Starting with the line that contains "82198 Draper Venom", repeat exactly every line through the last one in the records below, and leave out the pictures.

-- Records for processing --
○ ○ ○

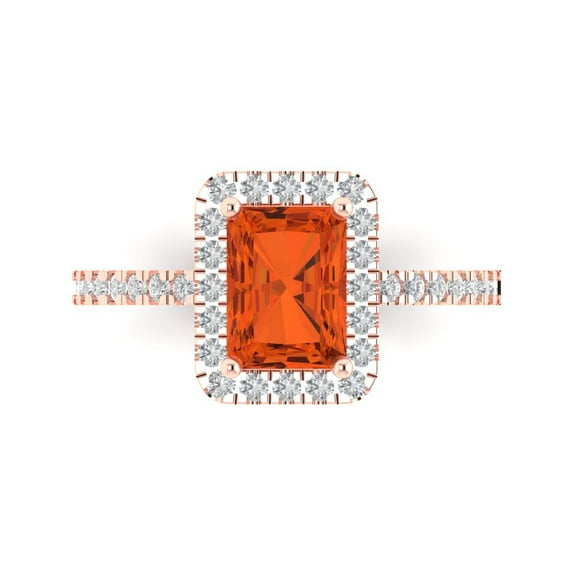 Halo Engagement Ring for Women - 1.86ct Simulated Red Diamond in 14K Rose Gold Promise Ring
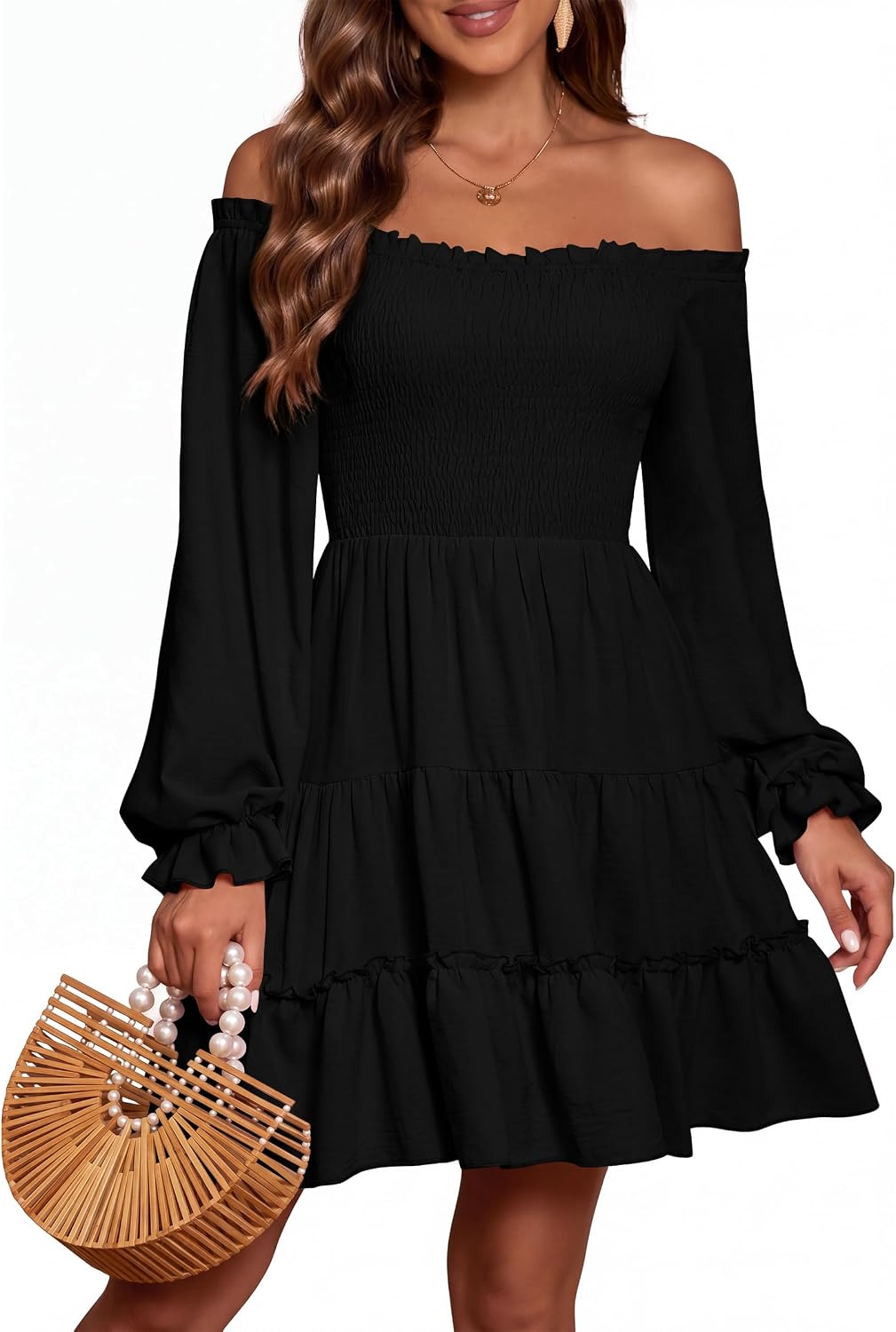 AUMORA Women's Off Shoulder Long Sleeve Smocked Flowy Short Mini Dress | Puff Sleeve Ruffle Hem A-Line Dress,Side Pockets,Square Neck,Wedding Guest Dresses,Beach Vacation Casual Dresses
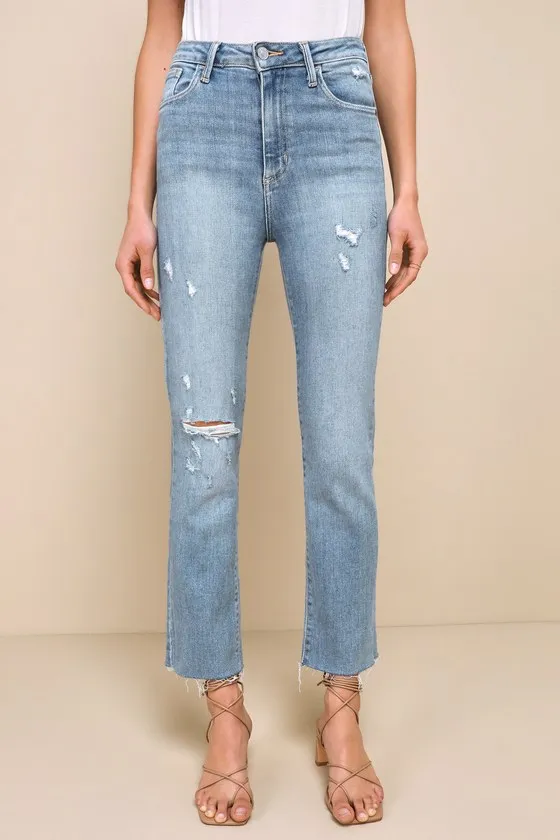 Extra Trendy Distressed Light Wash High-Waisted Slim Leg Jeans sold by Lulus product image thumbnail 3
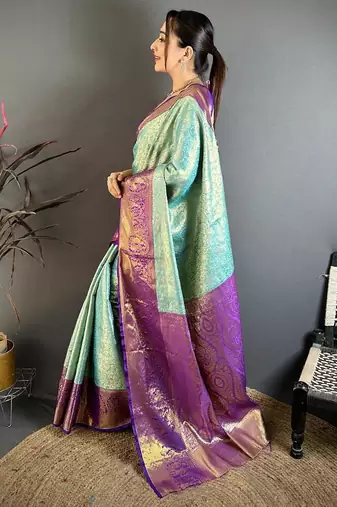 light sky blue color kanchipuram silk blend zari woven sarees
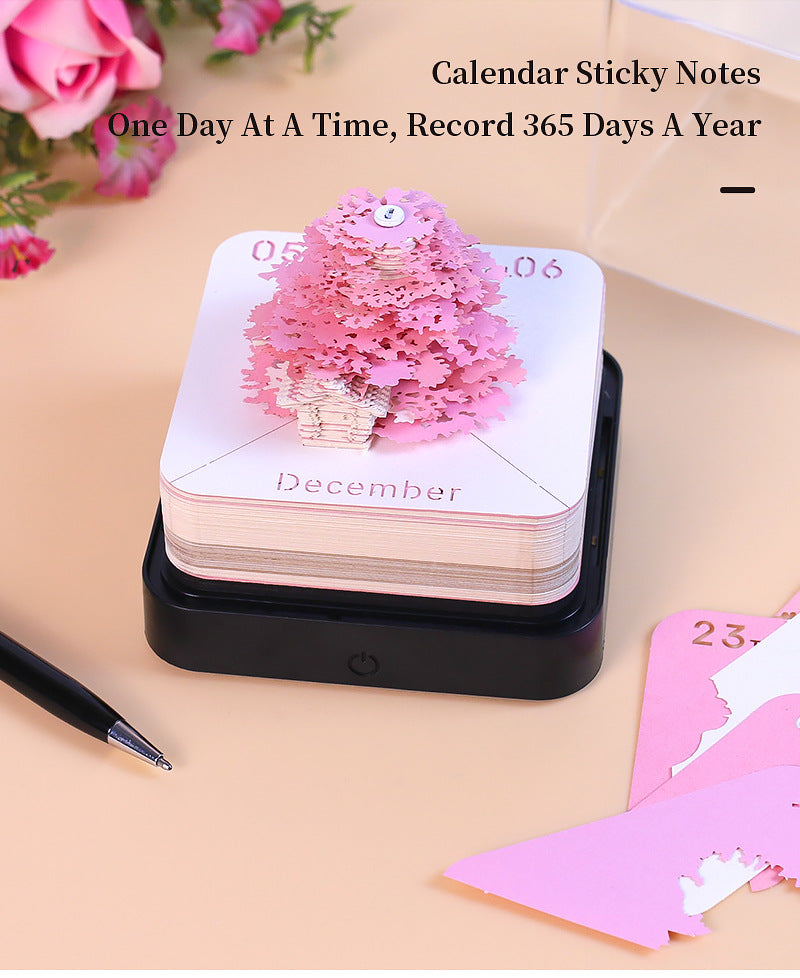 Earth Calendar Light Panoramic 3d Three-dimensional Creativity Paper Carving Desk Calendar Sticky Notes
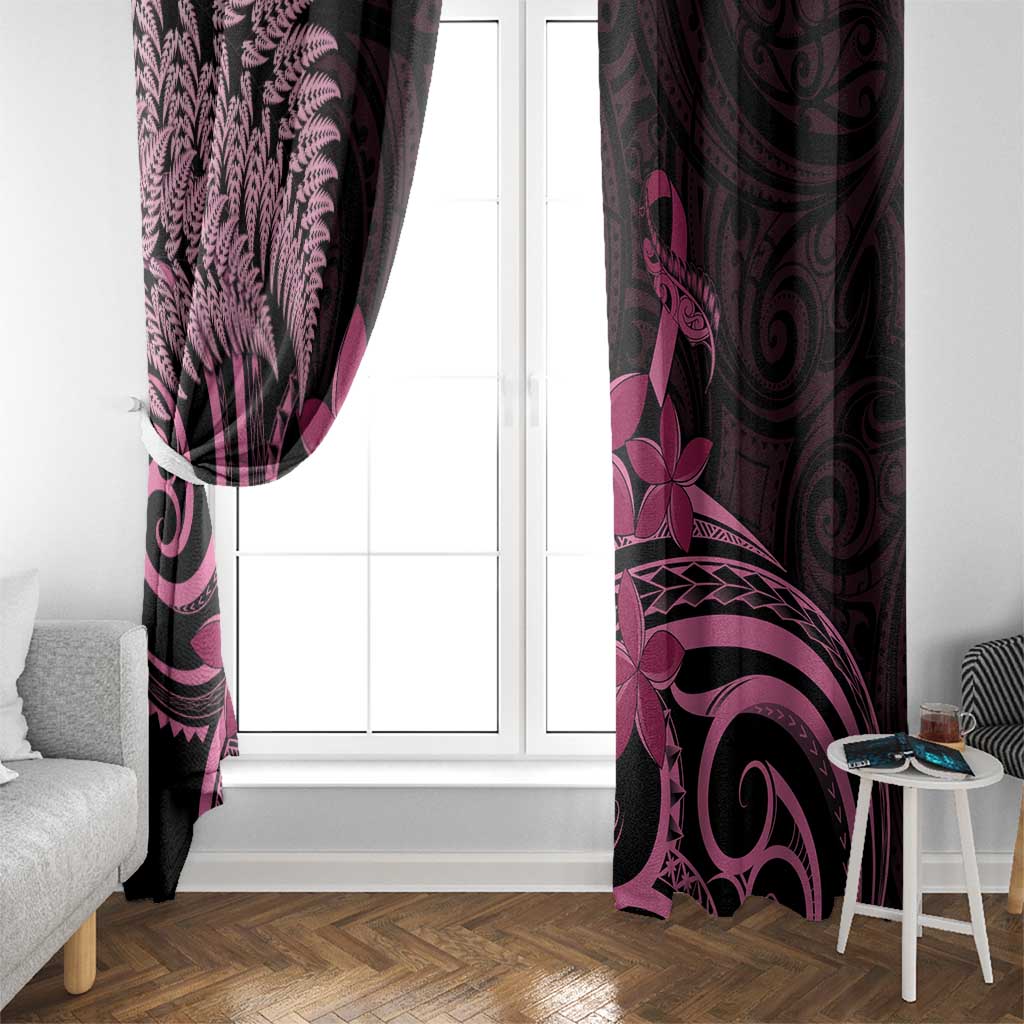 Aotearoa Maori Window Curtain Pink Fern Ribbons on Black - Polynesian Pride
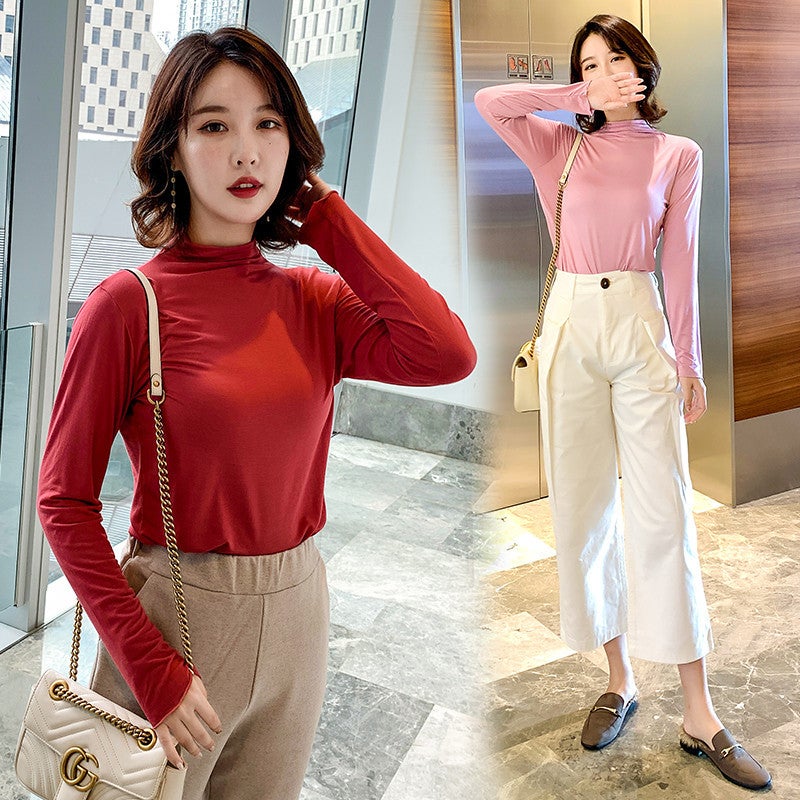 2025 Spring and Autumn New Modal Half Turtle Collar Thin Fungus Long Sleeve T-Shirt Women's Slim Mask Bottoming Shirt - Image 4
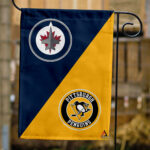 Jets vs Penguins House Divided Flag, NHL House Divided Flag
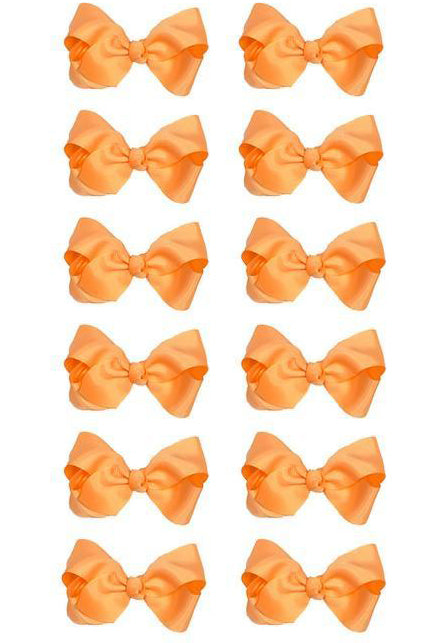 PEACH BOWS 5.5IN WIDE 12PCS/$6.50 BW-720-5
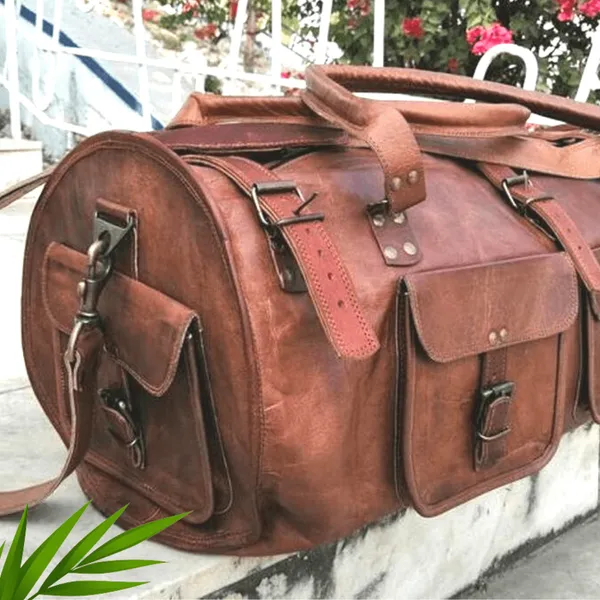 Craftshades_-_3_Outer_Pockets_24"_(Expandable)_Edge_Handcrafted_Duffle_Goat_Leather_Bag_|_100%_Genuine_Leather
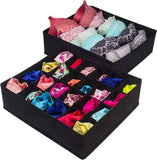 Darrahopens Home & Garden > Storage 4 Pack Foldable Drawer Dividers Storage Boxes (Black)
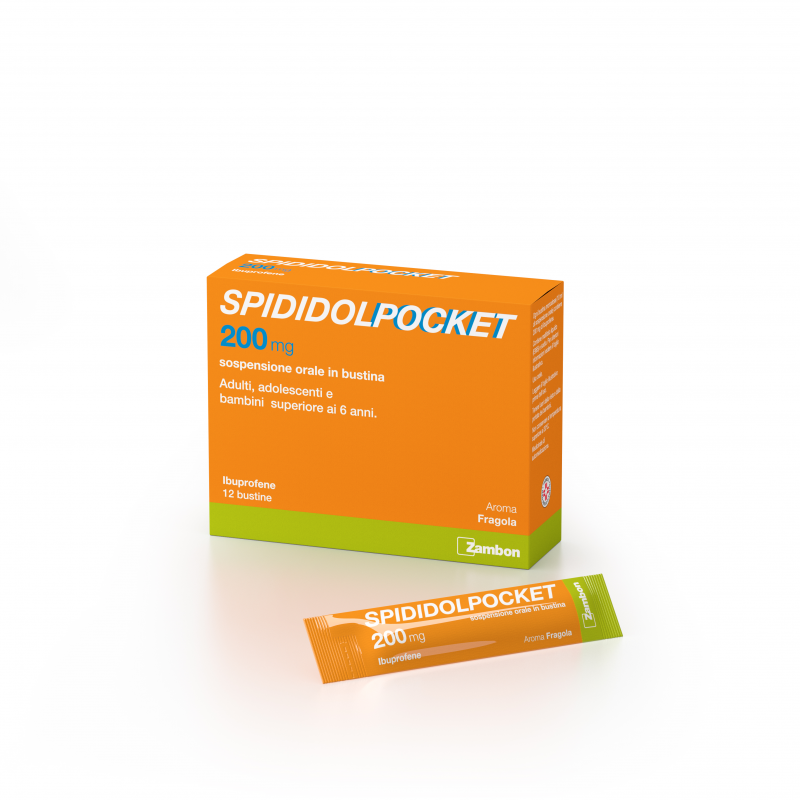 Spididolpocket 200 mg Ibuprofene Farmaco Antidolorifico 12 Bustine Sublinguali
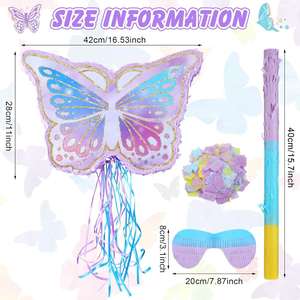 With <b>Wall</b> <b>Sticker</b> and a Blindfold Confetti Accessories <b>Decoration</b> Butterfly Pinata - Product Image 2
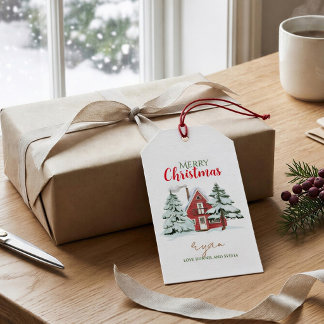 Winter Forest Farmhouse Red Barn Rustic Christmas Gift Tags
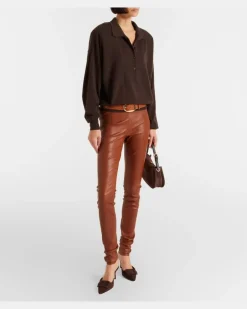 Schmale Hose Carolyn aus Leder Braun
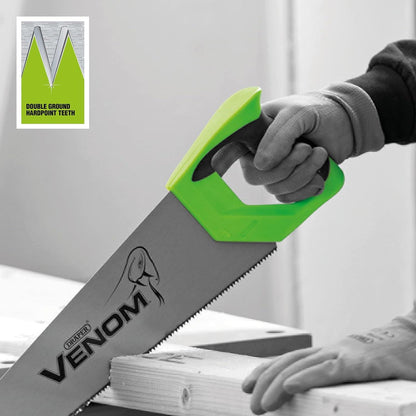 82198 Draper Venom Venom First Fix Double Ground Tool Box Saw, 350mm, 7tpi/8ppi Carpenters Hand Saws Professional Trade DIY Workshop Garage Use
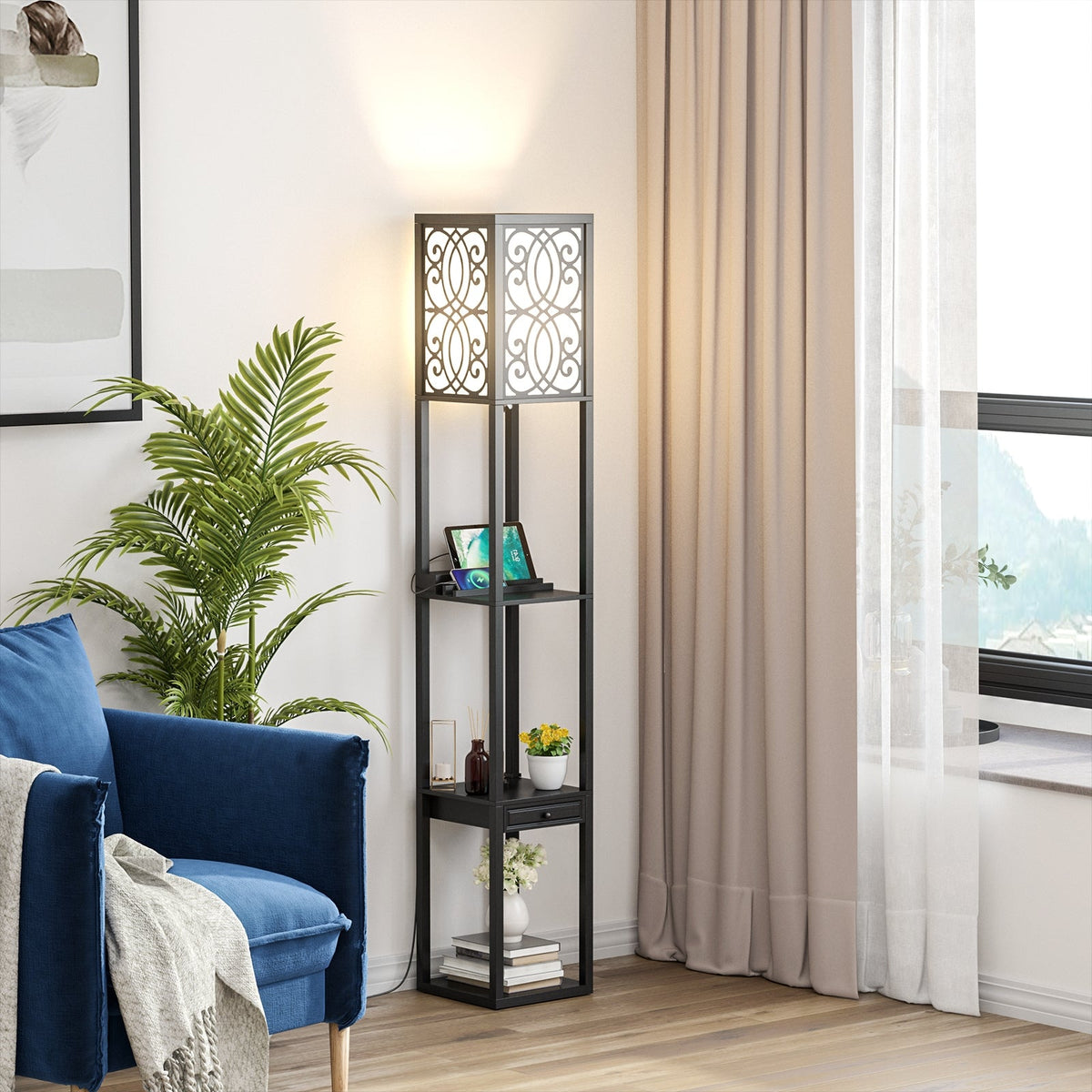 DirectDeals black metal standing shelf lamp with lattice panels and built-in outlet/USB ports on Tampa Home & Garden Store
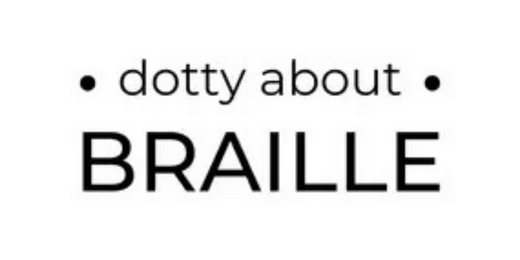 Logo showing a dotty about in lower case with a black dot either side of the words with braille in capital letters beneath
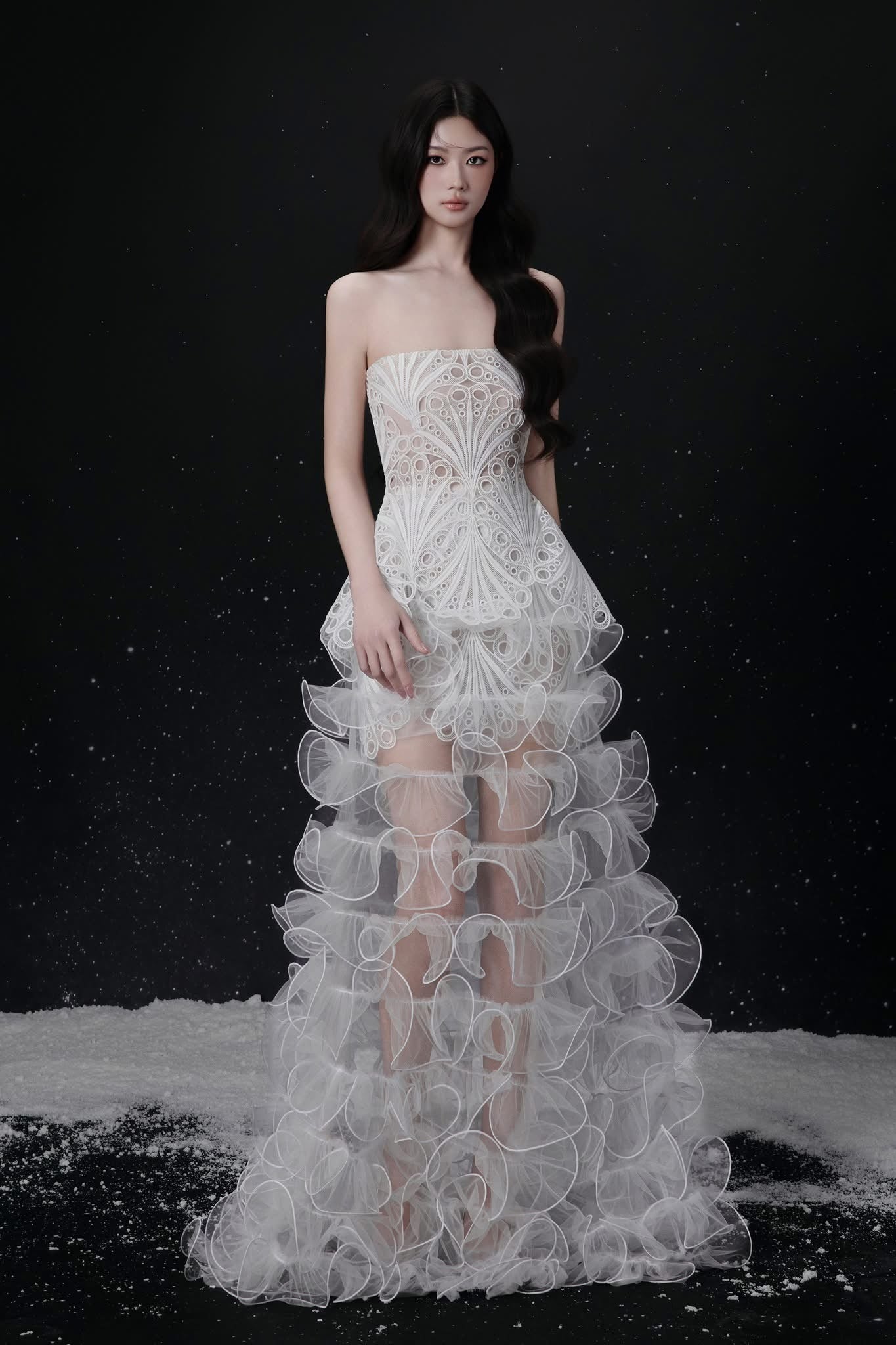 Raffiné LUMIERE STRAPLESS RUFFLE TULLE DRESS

○ ○ ○

-- Exercise answer --
 82198 Draper Venom Venom First Fix Double Ground Tool Box Saw, 350mm, 7tpi/8ppi Carpenters Hand Saws Professional Trade DIY Workshop Garage Use
 DirectDeals black metal standing shelf lamp with lattice panels and built-in outlet/USB ports on Tampa Home & Garden Store
 Logo showing a dotty about in lower case with a black dot either side of the words with braille in capital letters beneath
 Raffiné LUMIERE STRAPLESS RUFFLE TULLE DRESS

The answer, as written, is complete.